CHWSC has now posted online a report about EAMS, the workers’ compensation electronic case management system.
As most stakeholders know, it’s not a happy report. The assessment, done by Renee Taylor Consulting, Inc., identifies many areas which need improvement.
Problems with Delotitte’s management of the project and Curam and FileNet software problems are detailed in the report.
Here is a link to the report, titled “Electronic Adjudication Management System Information technology Needs Assessment Report Deliverable” which was summarized yesterday in a presentation by Ms. Taylor at the CHSWC meeting in Oakland:
http://www.dir.ca.gov/chswc/Reports/201 … Report.pdf
Rather than crying over spilled milk, Christine Baker at the DIR and Rosa Moran at DWC will be looking for ways to improve EAMS.
But for those who wish to “drill deeper” into all of this and what happened on this controversial project, it’s interesting to look at the comments profferred by Deloitte in rebuttal.

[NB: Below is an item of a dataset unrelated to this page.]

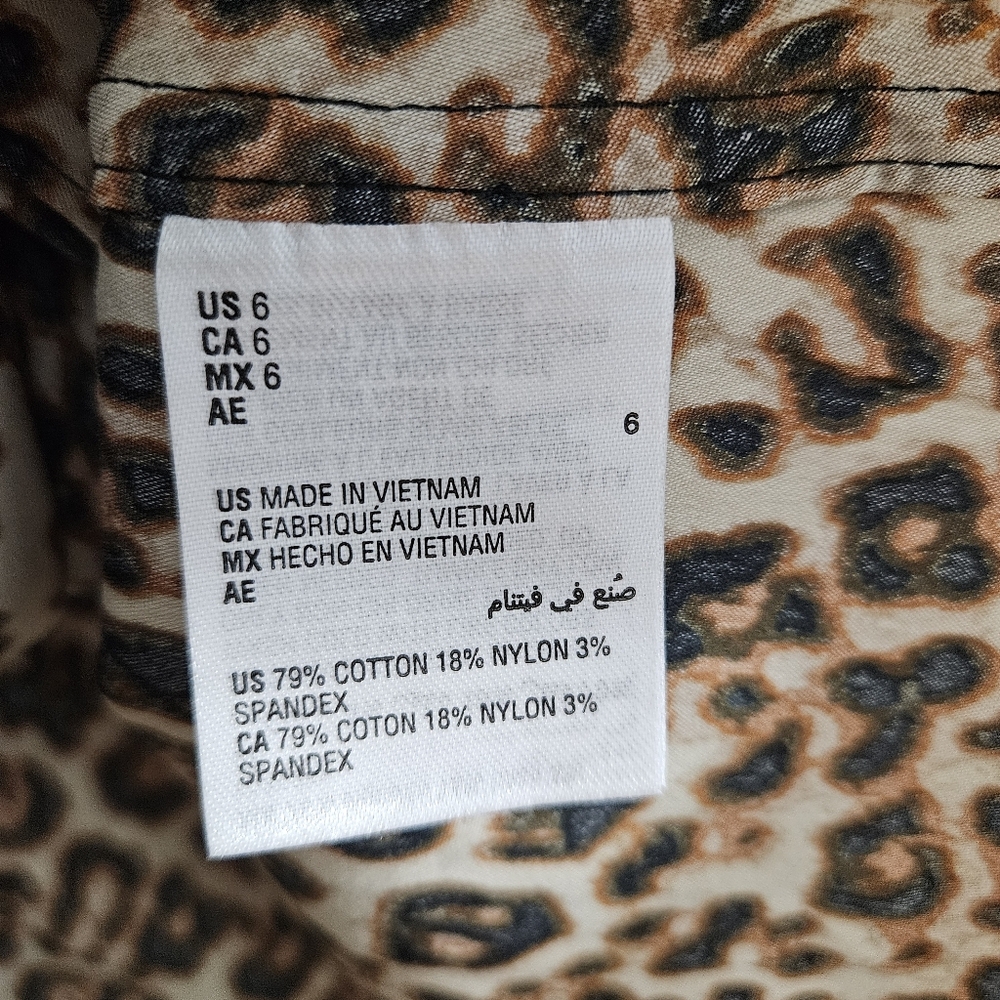 Charter Club Leopard Print And Pearl Women's Button Up Top - Picture 13 of 16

A July 27,2011 letter sent by Stephan Long of Deloitte’s Ranch Cordova office has now been posted on the DWC website along with comments on the EAMS report offered by the California Applicants Attorneys Association.

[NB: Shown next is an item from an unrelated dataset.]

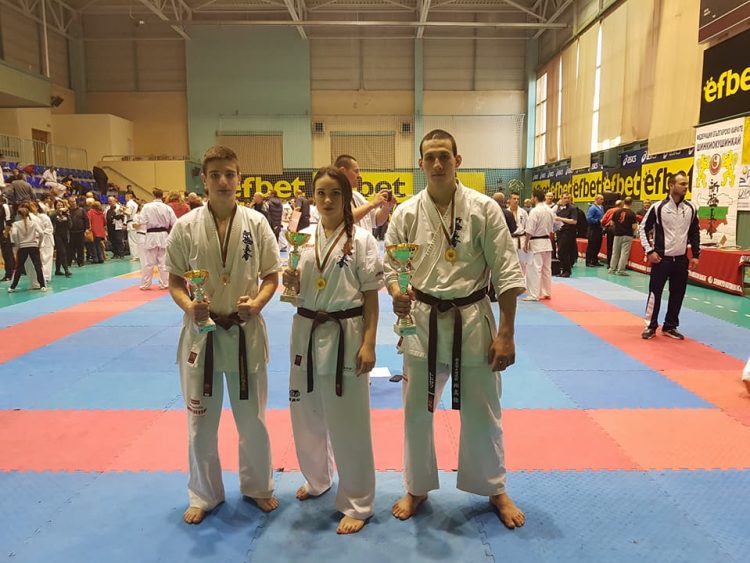 Успех за каратеките – призьори от Републиканския шампионат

Included with Long’s later is a copy of a “Participation Management” list for a 3/1/07 meeting at the DIR office in Oakland, presumably documenting those who were involved in the the early EAMS planning.
Long concludes his rebuttal of the Taylor report by claiming:
“RTC’s report acknowledges the value EAMS provides to many stakeholders and recognizes that “[t]he problems EAMS has experienced are typical of large-system implementation efforts and can be addressed with additional resources, improved scanners, and increased training.”
We stand firmly behind our EAMS work and know that collaboration with our client has enabled California to improve access to information and DWC’s processing of workers’ compensation cases. Deloitte met every requirement of the RFP; we involved a broad base of stakeholders; we used leading, industry-standard products; and we completed our work under warranty.
It is common for end users to desire enhancements and upgrades once they begin using a system on a daily basis. While some EAMS users would now like the system to do more than it was designed to do, the lack of such additional functions does not mean that the system’s original requirements were not satisfied. Unfortunately, no comprehensive maintenance and operations organization – typical for a system the size of EAMS – was put in place by DIR OIS to address issues after the warranty period.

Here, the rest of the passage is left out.